Fixed by the commit whose message references `CentralUI-004`.
### CentralUI-005 — Session expiry implementation diverges from the documented policy
| | |
|--|--|
| Severity | Medium |
| Category | Design-document adherence |
| Status | Resolved |
| Location | `src/ScadaLink.CentralUI/Auth/AuthEndpoints.cs:47-81`; `src/ScadaLink.CentralUI/Components/Shared/SessionExpiry.razor:18-30` |
**Description**
CLAUDE.md (Security & Auth) specifies "15-minute expiry with sliding refresh,
30-minute idle timeout." `AuthEndpoints` instead sets a single fixed
`expires_at = UtcNow + 30 minutes` claim and a 30-minute cookie `ExpiresUtc`,
with no sliding refresh and no separate idle vs absolute timeout.
`SessionExpiry.razor` schedules a single hard redirect at that fixed time.
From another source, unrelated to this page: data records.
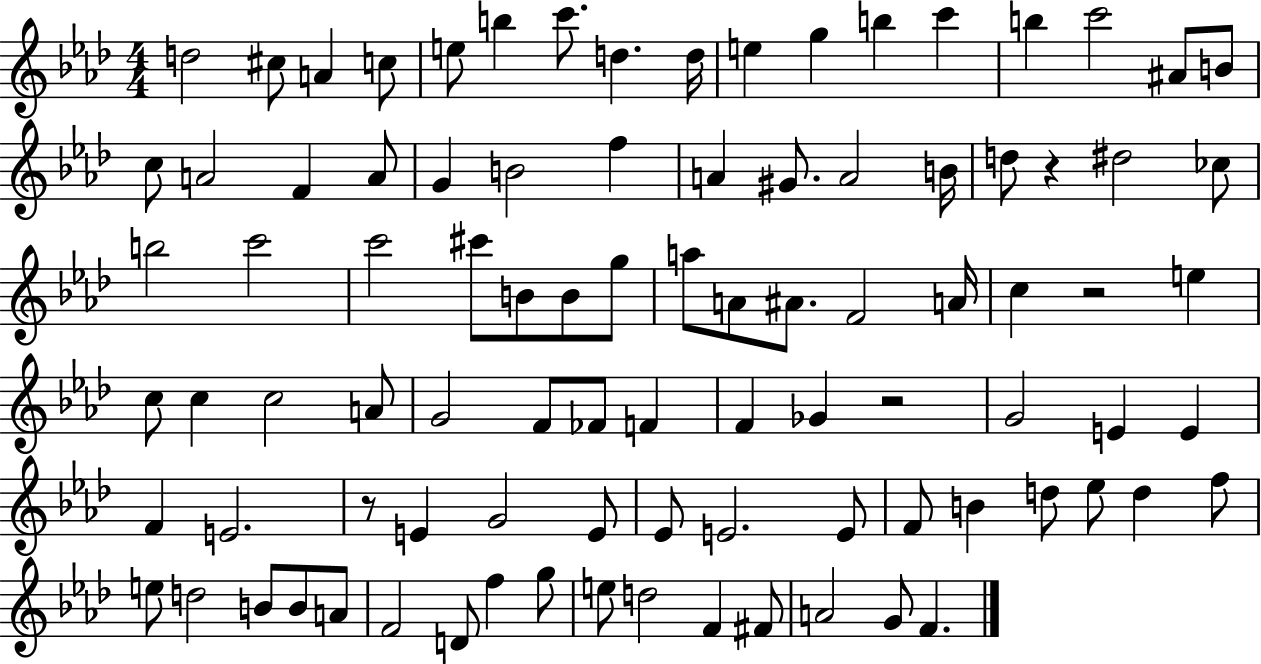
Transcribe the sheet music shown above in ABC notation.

X:1
T:Untitled
M:4/4
L:1/4
K:Ab
d2 ^c/2 A c/2 e/2 b c'/2 d d/4 e g b c' b c'2 ^A/2 B/2 c/2 A2 F A/2 G B2 f A ^G/2 A2 B/4 d/2 z ^d2 _c/2 b2 c'2 c'2 ^c'/2 B/2 B/2 g/2 a/2 A/2 ^A/2 F2 A/4 c z2 e c/2 c c2 A/2 G2 F/2 _F/2 F F _G z2 G2 E E F E2 z/2 E G2 E/2 _E/2 E2 E/2 F/2 B d/2 _e/2 d f/2 e/2 d2 B/2 B/2 A/2 F2 D/2 f g/2 e/2 d2 F ^F/2 A2 G/2 F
The
result is a hard 30-minute cap with no sliding renewal — an active user is
logged out mid-session, and there is no 15-minute component at all.
**Recommendation**
Either implement the documented policy (sliding 15-minute token with refresh on
activity, plus a 30-minute idle cutoff) or update the design docs to match the
fixed 30-minute model. The code and the documented decision must agree.
**Resolution**
Resolved 2026-05-16 (commit `<pending>`) — cross-module fix (CentralUI +
Security), explicitly authorized. Root cause confirmed against the source:
`AddCookie` (`ScadaLink.Security/ServiceCollectionExtensions.cs`) set neither
`ExpireTimeSpan` nor `SlidingExpiration`; `AuthEndpoints` stamped a fixed
`expires_at = UtcNow + 30 min` claim and a 30-minute absolute cookie
`ExpiresUtc`; `SessionExpiry.razor` scheduled one hard redirect at that fixed
instant — a hard 30-minute cap, no sliding renewal, no 15-minute component.
**What was implemented — sliding session window.** ASP.NET Core cookie
authentication exposes a single `ExpireTimeSpan` plus a `SlidingExpiration`
flag; it cannot natively model *both* a 15-minute sliding token *and* a separate
30-minute absolute idle cap. The faithful interpretation implemented: the cookie
session window **is** the idle timeout. `AddSecurity` now post-configures the
cookie options with `ExpireTimeSpan = TimeSpan.FromMinutes(SecurityOptions.IdleTimeoutMinutes)`
(default 30, bound from `appsettings` via the existing options pattern, not
hard-coded) and `SlidingExpiration = true`. The middleware therefore re-issues
the cookie on activity once past the halfway mark of the window: an active user
is continually renewed, an idle user is signed out after the 30-minute idle
timeout — exactly the documented "sliding refresh, 30-minute idle timeout". The
separate 15-minute `JwtExpiryMinutes` governs the lifetime of the *embedded JWT*
itself (`JwtTokenService`) — a distinct layer from the cookie session window;
it is not, and per the ASP.NET cookie model cannot be, a second independent
sliding window inside the same cookie. `AuthEndpoints` no longer imposes a
contradictory absolute cap: the `expires_at` claim and the manual cookie
`ExpiresUtc` were removed, and a new `BuildSignInProperties()` helper sets only
`IsPersistent = true` (no `ExpiresUtc`, `AllowRefresh` left unset) so the
middleware owns expiry. `SessionExpiry.razor` no longer reads a fixed
login-time deadline (the `expires_at` claim is gone) and no longer hard-redirects
at a fixed instant: it now polls the authentication state on a recurring
interval and redirects to `/login` only once the sliding cookie has actually
lapsed server-side — so an active user is never logged out mid-session.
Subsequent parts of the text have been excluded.